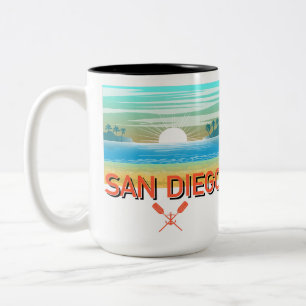 Taza Bicolor Diseño de San Diego - Mug de dos tonos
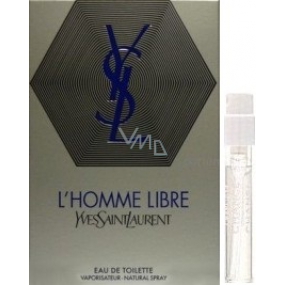 Yves Saint Laurent L Homme Libre toaletní voda 1,5 ml s rozprašovačem, vialka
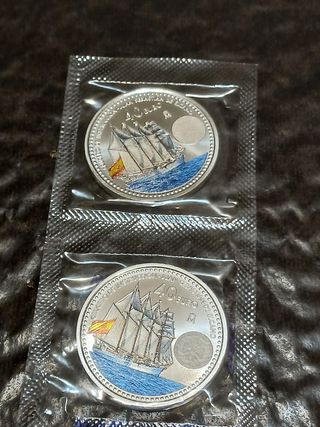 Lote monedas de plata 40 euros año 2025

| REQUIRED ACTION |
Your copy must repeat the data word for word and show none of its images.

| WRITTEN REPLY |
 Taza Bicolor Diseño de San Diego - Mug de dos tonos
 Yves Saint Laurent L Homme Libre toaletní voda 1,5 ml s rozprašovačem, vialka
 Lote monedas de plata 40 euros año 2025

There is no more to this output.